Online-Leser-Kommentare zum Presse-Artikel "Was die Republik über mich weiß" vom 18. August 2013

http://diepresse.com/home/panorama/oesterreich/1442438/Was-die-Republik-alles-ueber-mich-weiss?_vl_backlink=/home/index.do 

Kurinsk schreibt:

Sorgfalt
"Gespeichert ist all das übrigens nicht bei der Behörde selbst, sondern bei IBM Österreich."

Das zeigt schon, wie wenig sorgfältig die Republik mit den Daten ihrer Bürger umgeht - sie werden einfach einem internationalen US-Konzern (IBM) überlassen (NSA Verbindung?).

Auch alle finanziellen Transaktionen der Republik gehen über eine Bank (BAWAG-PSK) im Besitz von US-Finanzinvestoren.

Wozu gehen wir eigentlich noch zur Wahl?

Vielleicht kann das auch ein Journalist zum Thema machen.

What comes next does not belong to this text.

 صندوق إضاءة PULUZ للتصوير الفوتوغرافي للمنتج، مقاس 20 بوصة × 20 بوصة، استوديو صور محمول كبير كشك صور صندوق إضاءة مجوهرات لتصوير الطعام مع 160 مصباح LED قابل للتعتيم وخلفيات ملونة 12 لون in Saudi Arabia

Anmerkung: Die Bundesministerien und Obersten Organe der Republik Österreich haben ein PSK-Bawag-Konto (für den täglichen Geldverkehr) aber auch ein Nationalbankskonto!

Kommentar Seltenlacher:
KKV und Kreditschutzverband nicht vergessen

Kleinkrediteevidenz und Kreditschutzverband nicht vergessen .... da sind dann zusätzlich zu (geschätztem Einkommen und Bonität) noch alle Ratengeschäfte, Leasing und die Kredite enthalten ..... oft vergessen die Banken dann auf die Löschung (so wie bei der Sachwalterschaft, Anmerkung der Redaktion) und die Kredite sind auch oft in der ursprünglichen Höhe drinnen .... also muss man dann zB für einen neuen Kredit nachweisen dass der Kredit Nr. 1 schon zu 90 % zurückgezahlt ist .....

KONTROLLWAHN PUR! 

Postskriptum: 
Eine Botschafterin erzählte im österreichischen Fernsehen, dass die Amerikaner nach der offiziellen Beendigung der Besatzungszeit im Jahre 1955 alle Sozialversicherungs-Daten der Österreichischen Bürger und BürgerInnen in KOPIE wollten. Ob der Bitte nachgekommen wurde, ist im Detail nicht bekannt!